Repeat the stretch of entries below from the line with "190411004507-file-omar-albashir-03-exlarge-169" through the line with "Promed Spezialschuhe Grösse 40 neu". Include both ends and add nothing.

^^^^^^^^

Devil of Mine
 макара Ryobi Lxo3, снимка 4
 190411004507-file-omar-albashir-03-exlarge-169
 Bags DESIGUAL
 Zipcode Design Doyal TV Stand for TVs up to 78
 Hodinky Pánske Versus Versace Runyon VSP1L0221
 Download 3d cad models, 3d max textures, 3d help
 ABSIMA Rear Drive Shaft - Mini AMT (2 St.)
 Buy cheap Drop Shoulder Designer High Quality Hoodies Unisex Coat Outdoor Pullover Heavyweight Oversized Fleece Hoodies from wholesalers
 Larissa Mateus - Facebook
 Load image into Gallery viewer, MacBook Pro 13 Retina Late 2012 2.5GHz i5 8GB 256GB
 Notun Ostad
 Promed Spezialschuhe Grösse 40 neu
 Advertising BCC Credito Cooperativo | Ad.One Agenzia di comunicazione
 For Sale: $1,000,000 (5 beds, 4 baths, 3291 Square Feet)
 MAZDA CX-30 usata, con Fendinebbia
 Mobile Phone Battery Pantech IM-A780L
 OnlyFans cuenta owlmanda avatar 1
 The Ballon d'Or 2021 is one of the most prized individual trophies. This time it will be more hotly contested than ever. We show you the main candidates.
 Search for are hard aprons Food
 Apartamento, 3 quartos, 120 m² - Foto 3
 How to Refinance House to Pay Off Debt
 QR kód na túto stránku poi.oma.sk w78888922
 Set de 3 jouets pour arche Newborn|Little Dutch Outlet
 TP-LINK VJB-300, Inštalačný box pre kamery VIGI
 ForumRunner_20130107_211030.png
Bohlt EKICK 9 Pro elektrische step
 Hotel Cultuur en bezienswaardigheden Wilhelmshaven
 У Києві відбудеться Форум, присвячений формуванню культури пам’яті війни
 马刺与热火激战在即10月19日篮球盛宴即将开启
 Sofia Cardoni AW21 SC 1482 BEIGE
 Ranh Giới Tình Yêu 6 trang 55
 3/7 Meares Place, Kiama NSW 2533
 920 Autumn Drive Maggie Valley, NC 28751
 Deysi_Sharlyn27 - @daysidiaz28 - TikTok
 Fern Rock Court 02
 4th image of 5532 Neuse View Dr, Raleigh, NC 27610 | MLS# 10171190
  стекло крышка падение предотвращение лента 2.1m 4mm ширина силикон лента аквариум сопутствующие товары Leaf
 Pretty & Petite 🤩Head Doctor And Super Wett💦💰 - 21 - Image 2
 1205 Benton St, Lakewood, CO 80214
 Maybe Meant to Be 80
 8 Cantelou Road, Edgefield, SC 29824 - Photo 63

^^^^^^^^

■ **Exercise answer**:
 190411004507-file-omar-albashir-03-exlarge-169
 Bags DESIGUAL
 Zipcode Design Doyal TV Stand for TVs up to 78
 Hodinky Pánske Versus Versace Runyon VSP1L0221
 Download 3d cad models, 3d max textures, 3d help
 ABSIMA Rear Drive Shaft - Mini AMT (2 St.)
 Buy cheap Drop Shoulder Designer High Quality Hoodies Unisex Coat Outdoor Pullover Heavyweight Oversized Fleece Hoodies from wholesalers
 Larissa Mateus - Facebook
 Load image into Gallery viewer, MacBook Pro 13 Retina Late 2012 2.5GHz i5 8GB 256GB
 Notun Ostad
 Promed Spezialschuhe Grösse 40 neu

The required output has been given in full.